__EXCERPTED DATA__

============

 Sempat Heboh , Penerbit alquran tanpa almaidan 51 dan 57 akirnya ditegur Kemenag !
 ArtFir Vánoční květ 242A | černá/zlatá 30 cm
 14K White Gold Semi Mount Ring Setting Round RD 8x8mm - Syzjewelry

============

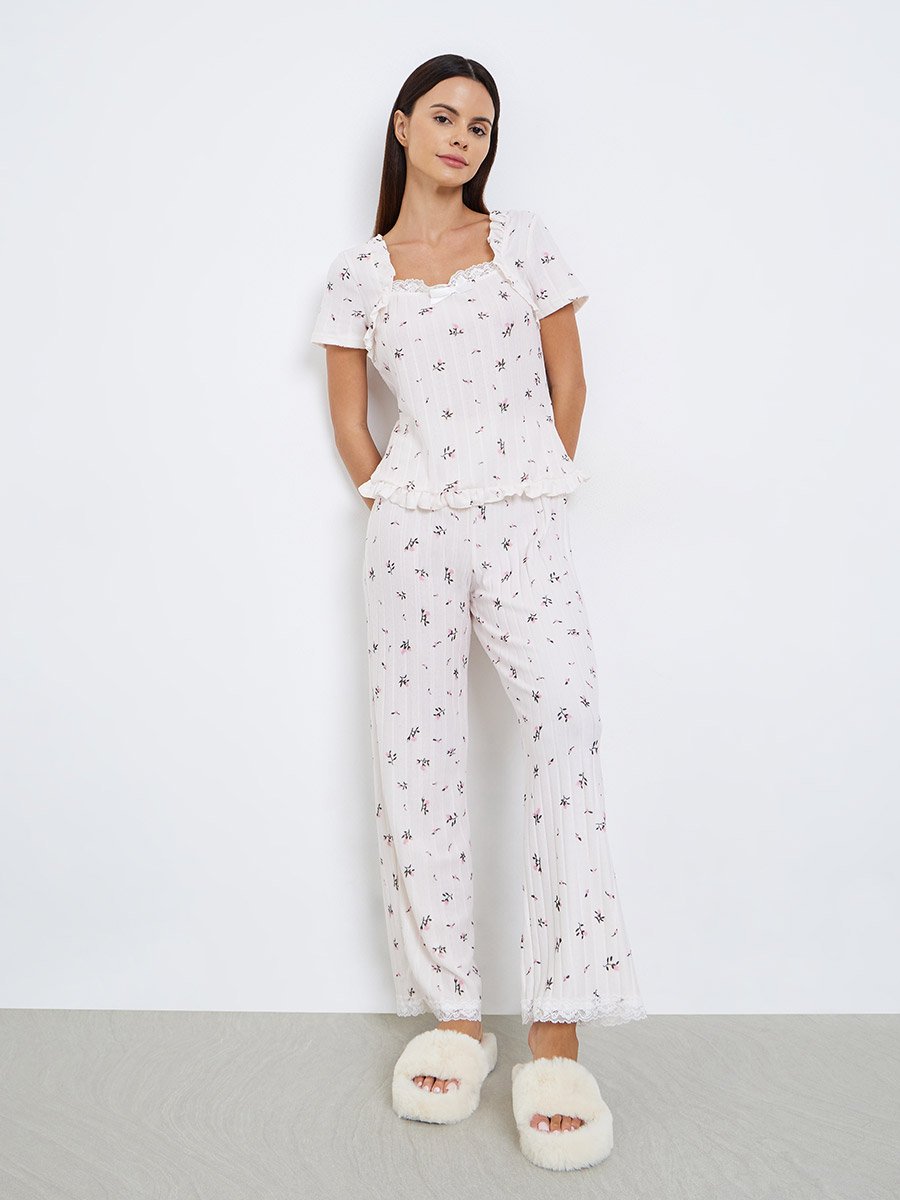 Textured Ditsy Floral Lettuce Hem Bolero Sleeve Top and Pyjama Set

============

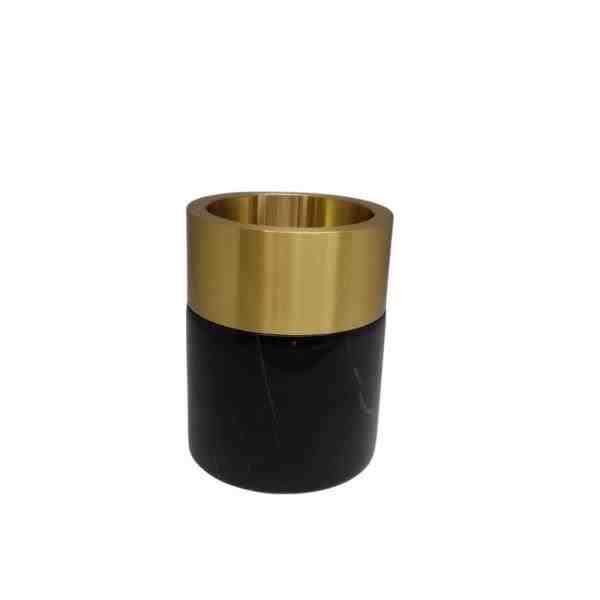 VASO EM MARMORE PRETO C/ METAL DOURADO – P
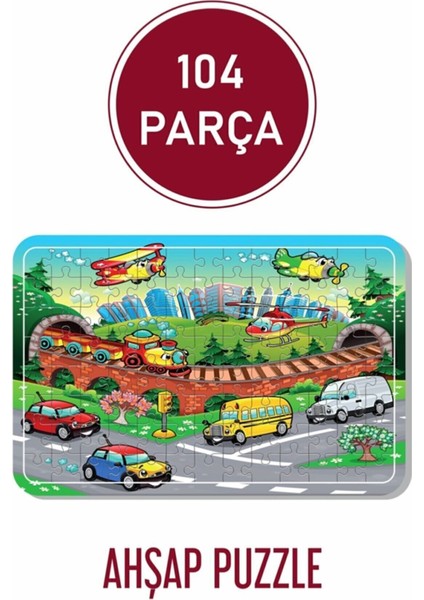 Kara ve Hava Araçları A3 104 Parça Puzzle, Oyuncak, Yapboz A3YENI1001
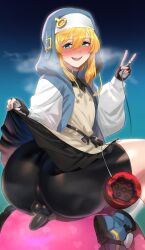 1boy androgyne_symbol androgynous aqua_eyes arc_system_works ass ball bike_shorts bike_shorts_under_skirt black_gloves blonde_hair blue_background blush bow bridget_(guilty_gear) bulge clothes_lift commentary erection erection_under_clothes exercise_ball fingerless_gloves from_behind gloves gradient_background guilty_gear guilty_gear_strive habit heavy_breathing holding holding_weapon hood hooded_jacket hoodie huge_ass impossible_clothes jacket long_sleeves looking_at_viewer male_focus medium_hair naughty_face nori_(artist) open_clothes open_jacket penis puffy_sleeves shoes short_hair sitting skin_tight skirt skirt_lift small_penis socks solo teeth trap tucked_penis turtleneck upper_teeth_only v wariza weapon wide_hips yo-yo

============

__AIM OF THE TASK__
Working from the material above, retype exactly the lines from the one with "Sempat Heboh , Penerbit" through the one with "14K White Gold", both included, and only those lines.

__OUTPUT OF THE TASK__
 Sempat Heboh , Penerbit alquran tanpa almaidan 51 dan 57 akirnya ditegur Kemenag !
 ArtFir Vánoční květ 242A | černá/zlatá 30 cm
 14K White Gold Semi Mount Ring Setting Round RD 8x8mm - Syzjewelry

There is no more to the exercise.